4. Cell Type Annotation: Polly processed scRNA-seq datasets also include cell type annotation results which are essential for many secondary analyses.

5. Improved Reproducibility: Standardized data ensures the reproducibility of results, a critical aspect of scientific research. Polly's harmonization engine contributes to the robustness and reliability of scRNA-seq data analysis.

6. Enhanced Collaboration: Polly facilitates collaboration by providing a standardized framework for data sharing. This fosters a collaborative environment where researchers can seamlessly exchange and build upon each other's work.

Case Studies and Success Stories

To highlight the real-world impact of Polly in single-cell transcriptomics research, let's explore a case study where Polly has played a transformative role:

A Boston-based pharmaceutical company wanted to leverage Elucidata’s high-quality, curated single-cell RNA sequencing (scRNA-seq) datasets, to fast-track the identification/validation of gene targets and drug discovery for inflammatory disease in a specific cell type.

The primary challenges faced by the company included finding relevant and good quality datasets; harmonizing publicly available data from multiple sources; and a lack of expertise in analyzing the data appropriately.

Elucidata provided them with a two-fold solution to tackle the above challenges:

Through Polly, we were able to provide a curated collection of 156 scRNA-seq datasets highly relevant to inflammatory disease and their preferred cell type of interest.

Elucidata’s experts in scRNA-seq data management and analysis identified meta-analysis as the appropriate strategy for target identification and ensuring target specificity to cell type and disease of interest. Further, they devised both biased and unbiased strategies for meta-analysis to explore both a) the targets pre-identified by the company and b) to identify new targets. The unbiased analysis utilized classifier models and correlation scores to accurately identify targets in the desired cell type for inflammatory disease.

Impact

‍Elucidata's innovative approach helped in achieving results beyond the client’s expectations by validating 5 pre-identified targets and shortlisting 4 novel targets for further exploration in inflammatory disease.

They also achieved an impressive 4x acceleration in target identification.

Targets were identified and validated within a span of 2.5 months, a process that typically takes 8-10 months. Read the full case-study here.

Conclusion

In conclusion, scRNA-seq is a revolutionary development for advancing life sciences R&D, offering unprecedented insights into cellular complexity and heterogeneity.
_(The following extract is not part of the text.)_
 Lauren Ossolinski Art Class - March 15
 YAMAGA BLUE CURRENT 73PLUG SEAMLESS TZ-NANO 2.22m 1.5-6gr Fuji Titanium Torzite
The evolution of scRNA-seq technologies has opened new avenues in critical application areas like drug development and target identification, biomarker discovery, and a deeper understanding of cellular processes. However, the challenges associated with accessing and utilizing the vast amounts of scRNA-seq data underscore the need for innovative solutions.

Platforms like Polly, are built for addressing the challenges associated with leveraging powerful multi-omics data, including scRNA-seq. Its powerful harmonization engine can be leveraged to provide access to FAIR data, making data more accessible and usable for researchers. By streamlining the data analysis workflow, enhancing collaboration, and ensuring data quality, Polly contributes to the acceleration of transcriptomics research.